With this enlarged capital, the Rothschilds got into the business of arranging bond issues for the various countries of Europe, including quite minor German principalities. Before this time, only Britain had issued public debt on a consistent basis, without defaulting on it since 1672 – the famous ‘Consols’ perpetual 3% bonds had been devised by another Jewish financier, Sampson Gideon (1699-1762) in 1751. By requiring that state bond issues be authorized by a representative body, a principle he established with an 1818 issue for Prussia, Nathan Rothschild both regularized bond issuance (Kings died, but representative bodies could bind their successors) and ensured that the Rothschilds would dominate it.

The peak of Rothschild influence came in the last years of the “old regime” from 1830 to 1848, during which the firm dominated European bond issuance, although not that of the United States, where the house never had more than a representative – this turned out to be lucky in the short-term, given the default rate of U.S. states in 1837-43. The legend of total Rothschild dominance over the global financial system dates from this period – in France, Belgium Austria and most of Germany Rothschilds was by far the dominant financial power, as well as being at least equal first with Barings in London. James de Rothschild’s (1792-1868) relationship with Louis Philippe and Salomon von Rothschild’s (1774-1855) with Klemens von Metternich were both very close, closer than any state relationships Rothschilds held in later years, except possibly Lionel Rothschild’s (1808-79) personal relationship with Benjamin Disraeli, used to finance the British purchase of Suez Canal shares in 1875.
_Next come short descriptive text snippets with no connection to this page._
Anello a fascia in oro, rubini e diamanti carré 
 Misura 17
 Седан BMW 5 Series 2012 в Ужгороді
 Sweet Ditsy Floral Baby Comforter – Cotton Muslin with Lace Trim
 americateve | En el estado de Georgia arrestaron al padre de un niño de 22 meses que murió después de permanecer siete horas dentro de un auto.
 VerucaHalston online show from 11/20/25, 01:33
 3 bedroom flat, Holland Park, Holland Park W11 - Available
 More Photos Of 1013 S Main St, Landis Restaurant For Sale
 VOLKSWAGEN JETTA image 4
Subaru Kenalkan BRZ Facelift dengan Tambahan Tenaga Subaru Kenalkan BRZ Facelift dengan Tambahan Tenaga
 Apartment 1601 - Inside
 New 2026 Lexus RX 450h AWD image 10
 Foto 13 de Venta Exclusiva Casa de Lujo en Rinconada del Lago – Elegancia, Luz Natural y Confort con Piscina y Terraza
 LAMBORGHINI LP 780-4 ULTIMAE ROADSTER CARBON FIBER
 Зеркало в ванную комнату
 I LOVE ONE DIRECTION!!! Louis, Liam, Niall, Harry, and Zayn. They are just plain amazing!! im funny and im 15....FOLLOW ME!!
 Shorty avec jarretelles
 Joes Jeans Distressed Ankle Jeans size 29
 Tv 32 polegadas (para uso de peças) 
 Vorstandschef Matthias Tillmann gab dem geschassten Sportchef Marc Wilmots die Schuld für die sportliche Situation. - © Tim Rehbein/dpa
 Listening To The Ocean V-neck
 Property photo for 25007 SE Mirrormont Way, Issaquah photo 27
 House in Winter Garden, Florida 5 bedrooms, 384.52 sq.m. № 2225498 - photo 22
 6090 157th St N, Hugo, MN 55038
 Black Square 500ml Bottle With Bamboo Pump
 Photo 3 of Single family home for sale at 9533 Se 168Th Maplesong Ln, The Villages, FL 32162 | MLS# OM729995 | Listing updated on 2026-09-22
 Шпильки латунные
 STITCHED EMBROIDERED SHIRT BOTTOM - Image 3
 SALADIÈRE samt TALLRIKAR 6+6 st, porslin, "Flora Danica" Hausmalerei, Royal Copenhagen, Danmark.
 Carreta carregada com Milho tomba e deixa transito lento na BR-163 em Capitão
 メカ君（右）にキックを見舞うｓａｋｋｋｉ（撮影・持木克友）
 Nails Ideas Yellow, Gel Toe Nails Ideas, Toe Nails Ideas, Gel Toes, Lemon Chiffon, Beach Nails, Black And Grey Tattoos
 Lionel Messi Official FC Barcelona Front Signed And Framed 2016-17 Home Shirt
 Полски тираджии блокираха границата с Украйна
The 1848 revolutions shook Rothschilds badly, because they negated the firm’s then unique advantage of a multinational partnership – revolutions occurred in four of the five countries where Rothschilds had banks, with only Britain exempt, and the prices of state bonds were correspondingly depressed. Both the Vienna and the Paris houses came close to bankruptcy, and with the death of the remaining brothers, Naples (closed in 1861) and later Frankfurt went into decline.

In the remaining centers, Rothschilds was subjected to much more aggressive competition than before 1848, while its relationship with Bismarck, Napoleon III and Franz Josef’s ministers were nothing like as close as with their predecessors – also the lack of a U.S. house became progressively more important. Some influence was preserved through the establishment of large commercial banks in which Rothschilds had a shareholding – notably Austria’s Creditanstalt in 1855—but after 1860 Rothschilds was no longer dominant in size among European banks.

Moreover, Rothschilds never did much with emerging industry; only in the railroad sector was it active, and even there it attempted to get government guarantees on debt. Consequently, while Rothschilds continued to grow and individual Rothschilds remained important, depending on their ability the group’s relative importance in global finance continued to decline. The legend of Rothschild dominance remained, but the reality became less imposing.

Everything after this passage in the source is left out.